Свобода как недостижимая цель общедоступна. В плане смысложизненной ценности она – аристократична, недоступна или немыслима для большинства. Когда же свобода становится политической целью, смысложизненный мотив рассыпается, раскалываясь на всякого рода “политические свободы”.

В мифологическом пространстве собственного бессознательного оказаться может каждый, но не каждому дано освоить свободный полет в этом пространстве, не каждый может быть магом хотя бы по отношению к самому себе.

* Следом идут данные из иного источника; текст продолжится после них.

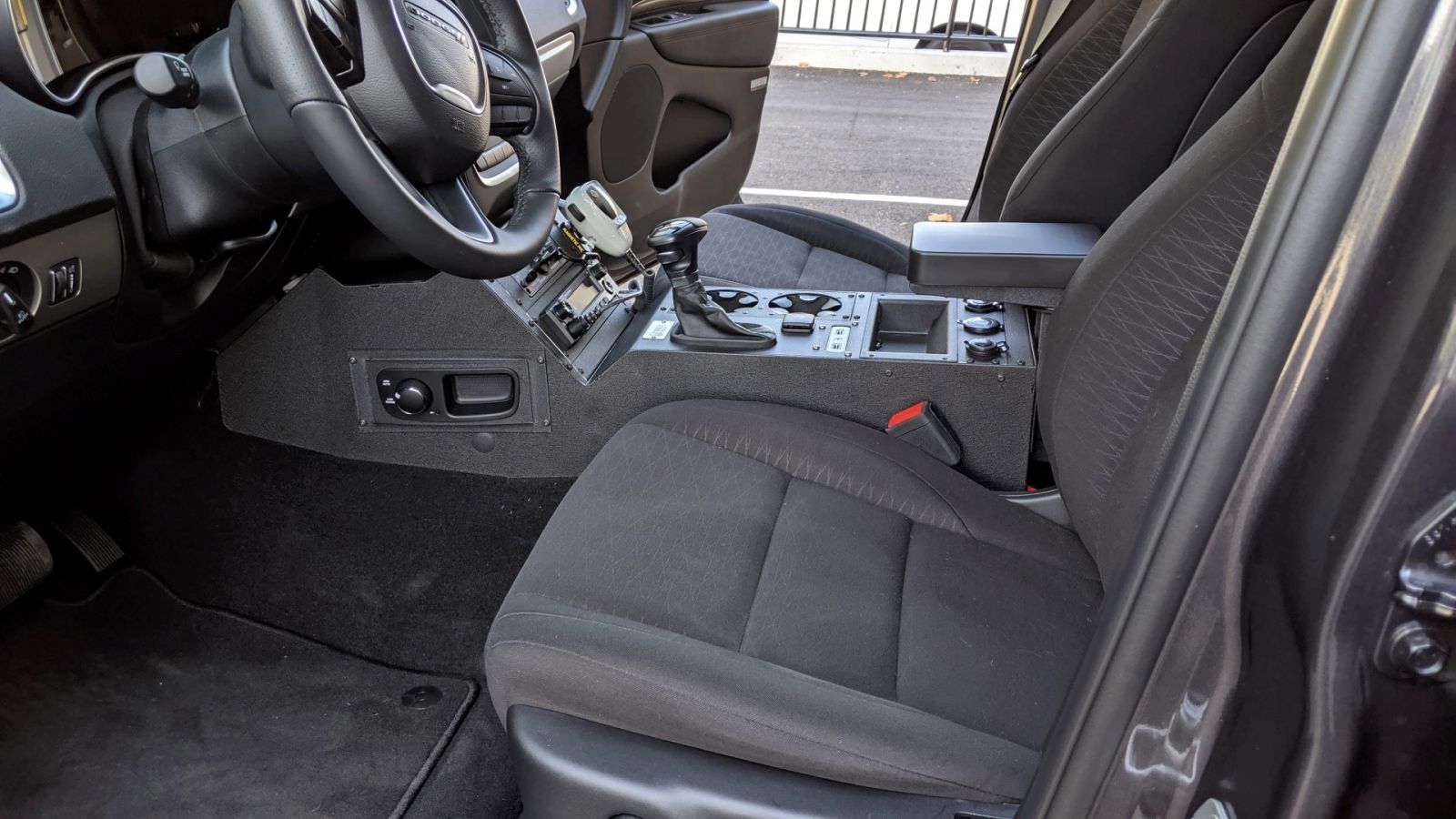 Consoles in police vehicle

Бердяев пишет: “Бог присутствует и действует лишь в свободе. Он не присутствует и не действует для необходимости. Бога можно найти в Истине, Добре, Красоте, Любви, а не в миропорядке. Бог в правде обнаруживается в мире, а не в силе в нем господствует. Бог есть Дух, и Он может действовать лишь в духе и через дух. К Богу совершенно неприменимы наши понятия о силе, о власти, о причинности. Таинственность действия Бога в мире и человеке обыкновенно выражается в учении о благодати. Благодать ничего схожего не имеет с нашим, от мира взятым пониманием необходимости, силы, власти, каузальности”.

Мы видим как смысложизненный мотив свободы, столь широко присутствующий в политической риторике, в религии смыкается с идеалом Правды. Свобода видится не в социальных установлениях, а в жизни Духа и преодолевающей закон причинности Благодати.

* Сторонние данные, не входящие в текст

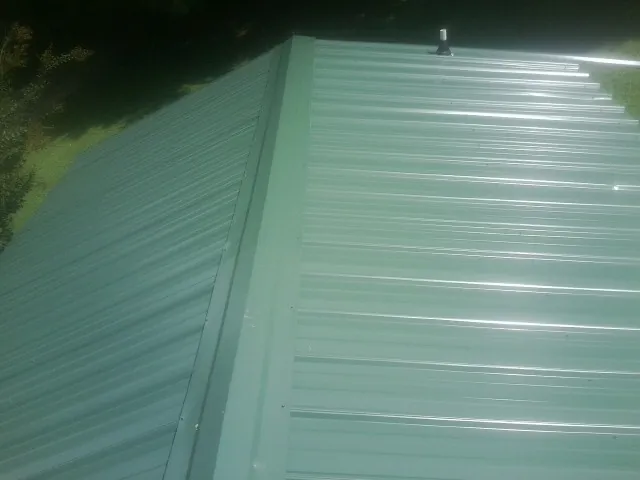 New green metal panels meeting at the ridge of a roof — Flat Roof Repair work by our crew in Kinzers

Освальд Шпенглер в своей знаменитой книге “Закат Европы” писал, что один элемент действительности может претерпеть судьбу и исчезнуть в “прибое исторической поверхности”, а другой сам становится судьбой и творит историю. Случай делает из равнозначных элементов либо ничто, либо источник нового бытия: “В каждой эпохе наличествует неограниченная полнота неожиданных и никогда не предусматриваемых возможностей, самоосуществляющихся в отдельных фактах, но сама по себе эпоха необходима, в ней налицо жизненное единство. То, что внутренняя ее форма именно такова, в этом ее назначение. Новые случайности могут придавать ее развитию величественный или убогий, счастливый или плачевный вид, но изменить ее они не в силах”.

Таким образом, свобода рационального выбора сталкивается со случайностью, которая опровергает этот выбор, делает его пустой суетой. Эпоха составляет “крупнозернистую” модель времени, а частные факты приобретают ценность лишь в силу случайности. “Только значительный человек чувствует за популярным текстом исторически подвижной поверхности глубокую логику становления, выступающую в идее судьбы и подчеркивающую случайность поверхности малозначимых изделий дня”.

Обывателя может привести к идее судьбы как альтернативы политической свободы только страдание. Но это будет не понимание, а созерцание судьбы. Как только пелена обыденности снова скрывает от обывателя процесс становления, он вновь видит только передний план бытия и плоские очертания фактов, снова становится рабом виртуальной массы.

Обывательская нечувствительность к исторической перспективе и светотени судьбы передается и в мир ученых, реализуясь в “строго научных теориях” общественного развития, стремящихся разложить все по полочкам. Иной мыслитель, вырываясь (как ему кажется) из пут мифологи, впадает в самый безнадежный миф – миф об отсутствии всяческих мифов в реальной действительности и о вредности любых мифов в общественном сознании.

Кассирер пытается противопоставить свой подход подходу Шпенглера, который в своей пессимистической картине будущего Европы видел действие магической силы судьбы. Кассирер стремится в лице Шпенглера предъявить претензии человеку, который верит в судьбу и порой увлекается астрологией, чтобы попытаться ее узнать. Он пишет, что комплиментарные для такого рода человека философские доктрины (вроде шпенглеровской или хайдеггеровской) “подточили силы, которые могли бы сопротивляться политическим мифам”. В то же время, сам Кассирер видит почти фатальную неизбежность обращения к мифологии в условиях политического и социокультурного кризиса. Идея свободы оказывается не такой простой.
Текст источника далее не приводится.